Data entries:
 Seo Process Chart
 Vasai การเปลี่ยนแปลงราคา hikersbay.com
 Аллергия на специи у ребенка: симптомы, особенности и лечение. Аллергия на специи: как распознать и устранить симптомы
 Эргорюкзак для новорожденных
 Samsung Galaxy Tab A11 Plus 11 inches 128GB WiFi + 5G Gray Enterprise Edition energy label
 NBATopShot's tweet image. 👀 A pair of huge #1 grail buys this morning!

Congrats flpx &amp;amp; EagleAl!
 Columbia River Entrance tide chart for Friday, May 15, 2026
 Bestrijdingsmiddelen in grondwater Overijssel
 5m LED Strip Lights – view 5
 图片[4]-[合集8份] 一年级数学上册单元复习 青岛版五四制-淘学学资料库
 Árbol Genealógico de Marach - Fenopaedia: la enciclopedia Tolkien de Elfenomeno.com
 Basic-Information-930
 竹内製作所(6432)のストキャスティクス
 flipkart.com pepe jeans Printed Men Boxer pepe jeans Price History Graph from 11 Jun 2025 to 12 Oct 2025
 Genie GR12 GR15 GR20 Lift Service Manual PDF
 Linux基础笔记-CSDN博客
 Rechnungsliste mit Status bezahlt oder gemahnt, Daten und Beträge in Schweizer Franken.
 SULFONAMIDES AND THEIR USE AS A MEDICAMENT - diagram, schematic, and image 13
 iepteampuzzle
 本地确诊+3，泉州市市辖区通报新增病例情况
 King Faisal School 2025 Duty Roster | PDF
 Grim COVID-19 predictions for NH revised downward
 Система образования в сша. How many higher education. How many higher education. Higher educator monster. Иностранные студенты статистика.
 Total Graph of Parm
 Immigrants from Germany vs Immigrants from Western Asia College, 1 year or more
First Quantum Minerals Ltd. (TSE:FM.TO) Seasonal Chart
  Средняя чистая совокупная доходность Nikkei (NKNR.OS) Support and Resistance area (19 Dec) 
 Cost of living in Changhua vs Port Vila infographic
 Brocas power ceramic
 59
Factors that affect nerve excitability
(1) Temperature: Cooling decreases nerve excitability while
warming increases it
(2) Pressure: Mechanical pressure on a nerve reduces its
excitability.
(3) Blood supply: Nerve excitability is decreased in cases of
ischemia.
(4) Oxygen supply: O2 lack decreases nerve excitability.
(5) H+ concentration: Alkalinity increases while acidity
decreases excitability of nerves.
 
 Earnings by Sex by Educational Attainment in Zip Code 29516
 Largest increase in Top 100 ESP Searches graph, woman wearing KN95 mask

- **Instructions for the task**
Set out, exactly as written, the lines from the line with "(2) Pressure: Mechanical" to the last line of the records, inclusive, and only those lines.

- **Solution for this task**
(2) Pressure: Mechanical pressure on a nerve reduces its
excitability.
(3) Blood supply: Nerve excitability is decreased in cases of
ischemia.
(4) Oxygen supply: O2 lack decreases nerve excitability.
(5) H+ concentration: Alkalinity increases while acidity
decreases excitability of nerves.
 
 Earnings by Sex by Educational Attainment in Zip Code 29516
 Largest increase in Top 100 ESP Searches graph, woman wearing KN95 mask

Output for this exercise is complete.